======== GIVEN DATA ========
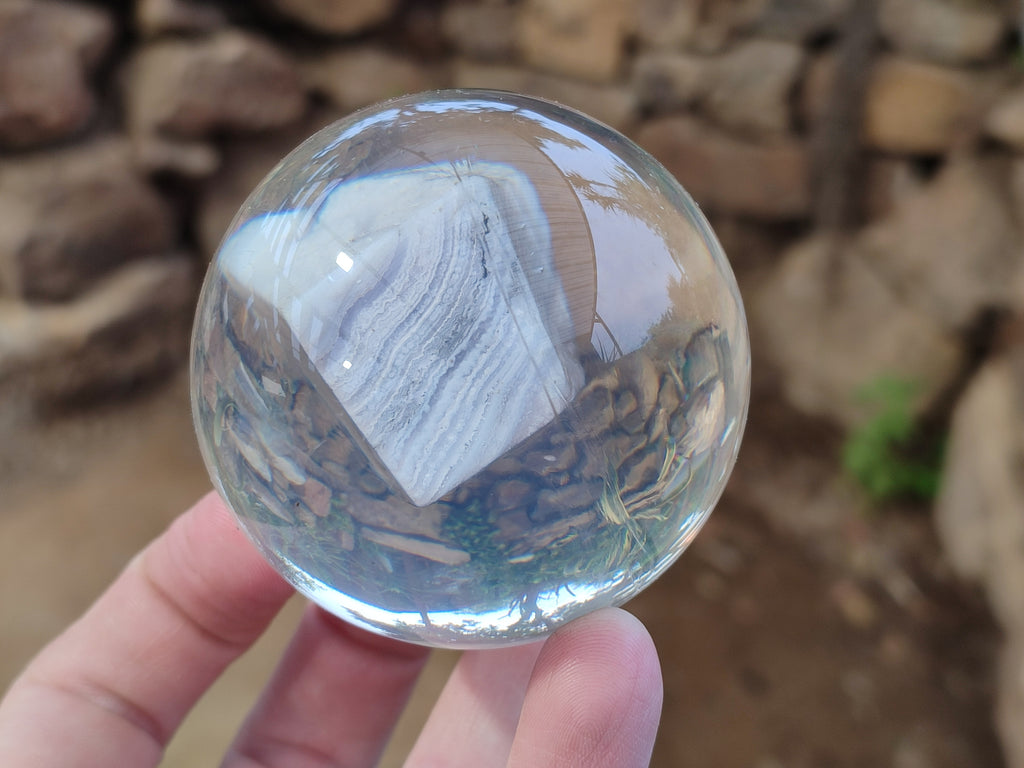 Polished Large Blue Lace Agate cobbed piece in PVC Resin Sphere - sold per item - From Namibia - Toprock Gemstones and Minerals 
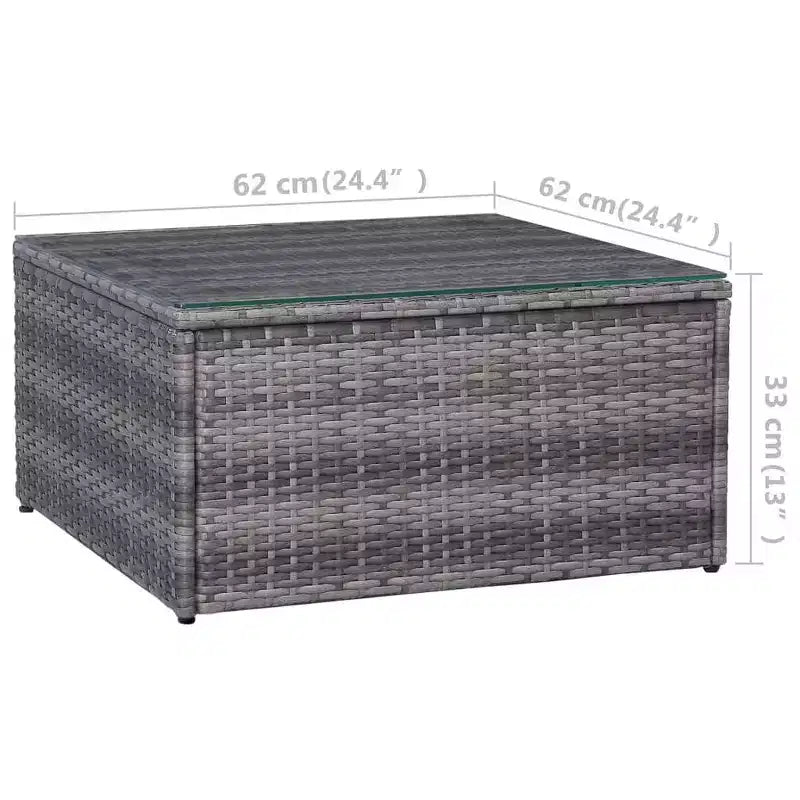 vidaXL Sofagarnitur 5-teilig Grau PE-Rattan, pulverbeschichteter Stahl, Glas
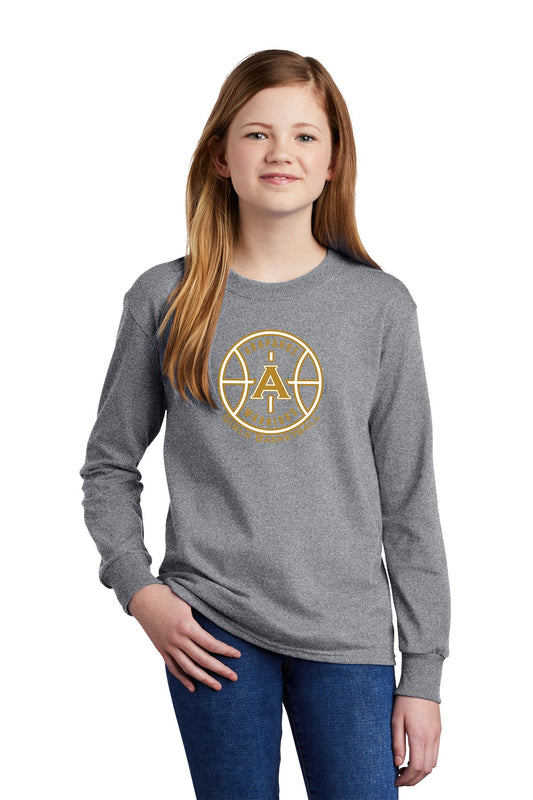Arapahoe Girls Basketball - Youth Long Sleeve Core Cotton Tee Black or Gray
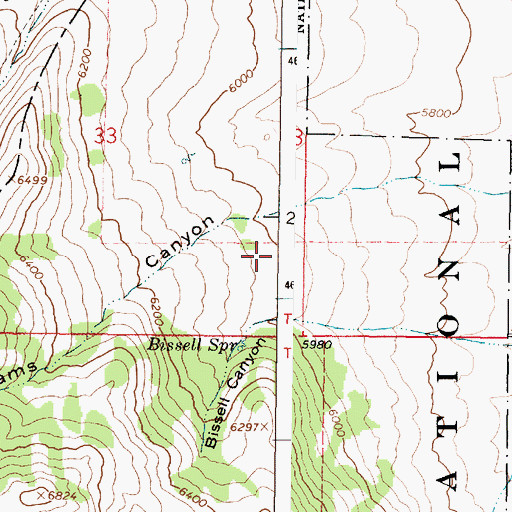 Topographic Map of Bissell Canyon, ID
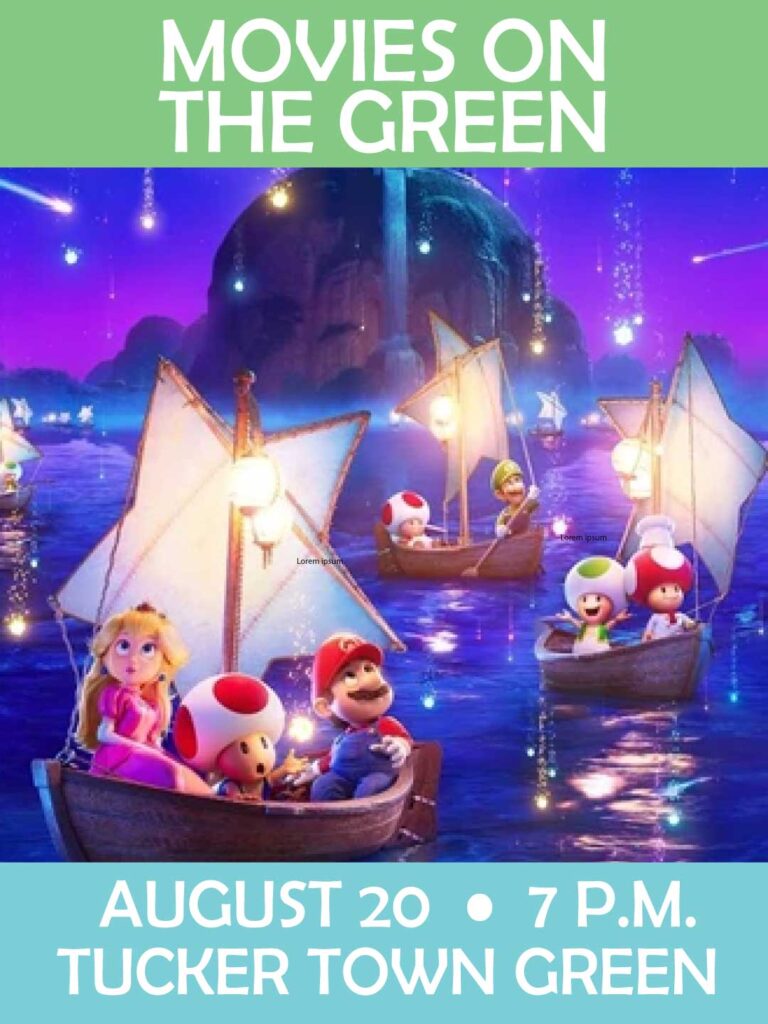 Movies on the Green, Super Mario Galaxy Movie, August 20, 2026.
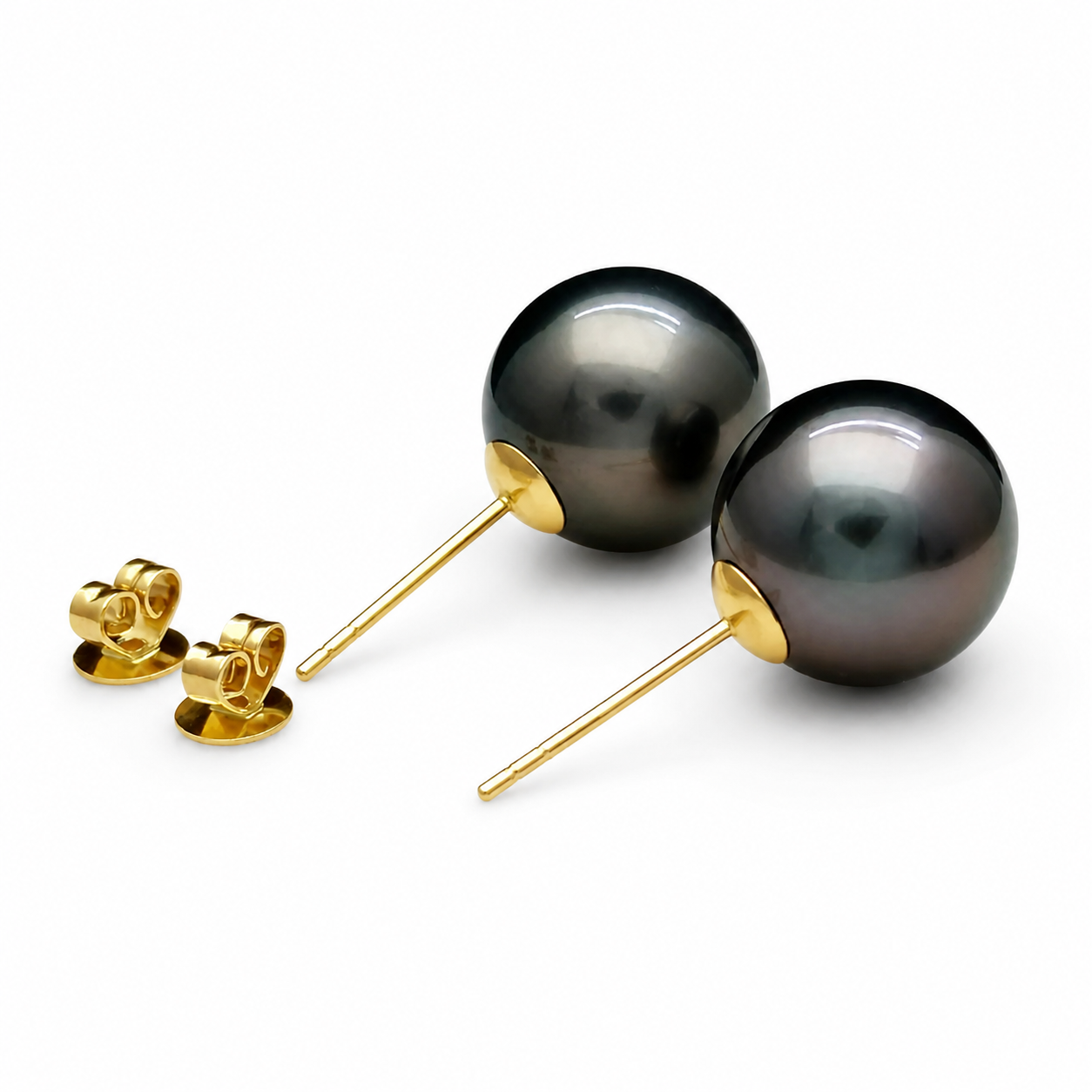 Puces d'Oreilles Perle de Tahiti Noire Ronde 9-10 mm – Argent 925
========
* ASSIGNMENT
The entries above are to be retyped exactly, with each picture left out.

* TASK OUTPUT
 Polished Large Blue Lace Agate cobbed piece in PVC Resin Sphere - sold per item - From Namibia - Toprock Gemstones and Minerals 
 vidaXL Sofagarnitur 5-teilig Grau PE-Rattan, pulverbeschichteter Stahl, Glas
Arapahoe Girls Basketball - Youth Long Sleeve Core Cotton Tee Black or Gray
 Topographic Map of Bissell Canyon, ID
 Movies on the Green, Super Mario Galaxy Movie, August 20, 2026.
 Puces d'Oreilles Perle de Tahiti Noire Ronde 9-10 mm – Argent 925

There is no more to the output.